South of the trail a little further on is a sea of trout lily. The carrion-flower is in bloom. I just started noticing Joe-pye weed this week, about thigh-high. Further in, a light-green patch of lady fern (Athyrium filix-femina) is full size, and nearby is a clone of Pennsylvania sedge (Carex pensylvanica), a nearly perfect circle about 1.5 m in diameter, nearly the same color as the lady fern (remember that I am color-blind, so take this for what it is worth), exceptionally wispy in texture. There are a couple of little advance units moving out from the edge into the woods. Why has this conspicuous colony formed here and not elsewhere? There seems to be no difference in topography, no difference in shade or anything else. I presume the sedge just got here first.
It’s almost 5:30. Chickadees are singing from a few directions, and I hear a tree swallow in the field between the trail and the Arboretum drive. Five minutes later, a phoebe starts calling. Jack-in-the-pulpit fruits are beginning to develop. There is a stand of woodland sunflower about knee-high. Just past them there is a lower wet area. A few trout-lilies are still in bloom here, while most of the rest have gone to fruit; I noticed a few in flower in the lawn out by the daffodils on the west side last night, as well. A patch of Carex hirtifolia is well behind the rest of its colleagues, prominently staminate. An ovenbird calls from a honeysuckle thicket about 30 feet away. It’s my first of the year. I listen for a bit to make sure it’s not just wishful thinking, and there he is again. I walk to Parking Lot 10 past a flowering Carex grisea, debate taking the trail toward the spruces to see if the thrush is singing again this morning, but decide in the end to walk through the oak collection.
It’s nearly 6:00 and the woods are bright, every bird waking up. A blue-gray gnatcatcher is picking at the catkins in one of the giant, spontaneous white oaks at the entrance to the oak collection. I think I hear a yellow warbler twice, then I don’t hear him again and I don’t see him either. I don’t think it could have been anything else, but I’m not certain. The oaks are mostly leafing out. Numbering among the few exceptions are a few little southern trees whose marcescence was so conspicuous this past winter. They are a couple of blackjack oaks and a couple of post oaks, and their leaves are still hardly bigger than the first segment of my thumb. These are southern oaks: why aren’t they leafing out early? I’m going to have to ask Christy Rollinson and Bob Fahey about this.

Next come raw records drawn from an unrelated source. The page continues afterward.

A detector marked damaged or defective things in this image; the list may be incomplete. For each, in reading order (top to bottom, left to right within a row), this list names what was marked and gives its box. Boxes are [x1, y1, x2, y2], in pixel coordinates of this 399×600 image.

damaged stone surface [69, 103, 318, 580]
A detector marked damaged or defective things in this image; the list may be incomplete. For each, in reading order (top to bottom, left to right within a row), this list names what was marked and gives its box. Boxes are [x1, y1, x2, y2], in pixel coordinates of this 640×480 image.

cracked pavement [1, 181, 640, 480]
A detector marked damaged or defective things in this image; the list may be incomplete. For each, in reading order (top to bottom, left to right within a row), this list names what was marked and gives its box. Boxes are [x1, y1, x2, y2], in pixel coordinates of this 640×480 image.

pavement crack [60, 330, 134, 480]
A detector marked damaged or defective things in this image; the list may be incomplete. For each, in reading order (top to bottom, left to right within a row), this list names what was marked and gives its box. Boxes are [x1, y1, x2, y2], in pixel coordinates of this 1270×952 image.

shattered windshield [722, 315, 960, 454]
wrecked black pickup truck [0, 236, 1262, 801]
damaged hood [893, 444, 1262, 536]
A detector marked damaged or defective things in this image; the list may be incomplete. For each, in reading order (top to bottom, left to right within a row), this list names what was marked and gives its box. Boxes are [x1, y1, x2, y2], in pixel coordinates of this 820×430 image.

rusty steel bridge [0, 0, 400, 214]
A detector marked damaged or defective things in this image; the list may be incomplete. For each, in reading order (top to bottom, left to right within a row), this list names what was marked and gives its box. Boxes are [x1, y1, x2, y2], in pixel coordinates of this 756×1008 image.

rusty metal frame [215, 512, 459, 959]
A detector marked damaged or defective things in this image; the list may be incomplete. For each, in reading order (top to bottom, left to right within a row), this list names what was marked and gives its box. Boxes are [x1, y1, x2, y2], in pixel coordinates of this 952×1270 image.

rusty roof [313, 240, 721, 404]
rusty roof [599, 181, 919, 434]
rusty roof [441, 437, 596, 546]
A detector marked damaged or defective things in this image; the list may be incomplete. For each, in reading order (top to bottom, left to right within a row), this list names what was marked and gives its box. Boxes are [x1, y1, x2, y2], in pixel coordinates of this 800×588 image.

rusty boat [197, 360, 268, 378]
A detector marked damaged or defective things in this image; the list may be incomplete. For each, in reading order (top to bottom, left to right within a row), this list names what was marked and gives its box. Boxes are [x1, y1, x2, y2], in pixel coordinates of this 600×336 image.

In the marsh, the Carex lacustris perigynia are well along. There are more fruits than I expect: in a ca. 2m x 2m patch right by the boardwalk, I count 23 fruiting culms. I am counting quickly and just leaning over the railing, so likely my count is off by a few, but typically I don’t find more than a few fruiting individuals in an entire colony of this species. On the north side of the boardwalk, Carex stipata and Cardamine bulbosa are flowering. A common yellowthroat calls from the edge of the wetland, and the red-winged blackbirds are chasing around the treetops. At west end of the boardwalk, Osmorhiza claytonii is in flower, the first I’ve seen. The plants in the woods haven’t flowered yet that I’ve noticed today.
It’s 6:30, and I’m now almost as far from my bike as I could be. I truck down the trail only to be stopped in my tracks by an exceptional stand of Camassia scilloides. The first plants are in flower, and Cindy Crosby reports the first flowers this week. There are more to come. Further on in the marsh, Ranunculus flabellaris is flowering, and foliage of Cicuta and Plantago is several inches out of the water. On the north trail leading back toward Big Rock Visitor station, Viburnum prunifolium is blooming. Black-throated green warblers and wrens are singing here and there. By the time I cross the bridge, it’s 7:15. On the ride into work, there are geraniums in abundance along the roadside, Prunus americana in bloom, and some little warbler with white tail patches that dives into the shrubs and refuses to come out again. Birds.